Speculative LICM?

Hi, it looks like the current MLIR LICM pass doesn’t support speculatively hoisting an operation out of the loop. For example, given a program like below, hoisting the pointer dereference out of the loop seems not available currently.

int f(int *ptr, int n) {
   int s = 0;
   for (int i = 0; i < n; ++i) {
     s += *ptr;
   }
   return s;
}

My gut feeling is that we don’t do loop rotation as a canonical pass, so there is no guarantee that the loop must be run when it comes to LICM. Am I understanding it correctly?

Also it seems that LICM is pretty strong about not moving memory ops out of the loop, i.e, isMemoryEffectFree is required, while LLVM is relatively weak on that. Is it also related to speculation?

Thanks,
Hongtao

My gut feeling is that we don’t do loop rotation as a canonical pass, so there is no guarantee that the loop must be run when it comes to LICM. Am I understanding it correctly?

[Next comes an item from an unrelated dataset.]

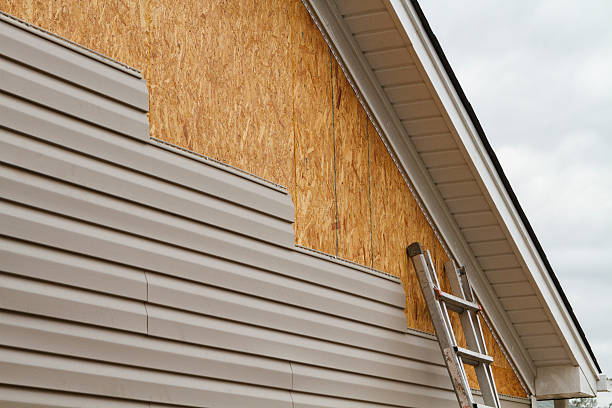Professional Siding Inspection technician working in Savage, MD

This depends on the specific loop operation but is true for something like scf.for and for the “before”-region of a scf.while.
In some scenarios you could deduce from the bounds of a scf.for whether it is excecuted at least once in which case speculatability would not be required to hoist an operation, only that it has no side-effects.

Also it seems that LICM is pretty strong about not moving memory ops out of the loop, i.e, isMemoryEffectFree is required, while LLVM is relatively weak on that.

Correct. Moving side-effecting operations out of loops is sadly non-trivial as this requires analysis to ensure that the loop does not contain other side-effecting operations that affect the operation that is to be hoisted. LLVM can analyze this with MemorySSA but in general requires more infrastructure such as alias-analysis and more.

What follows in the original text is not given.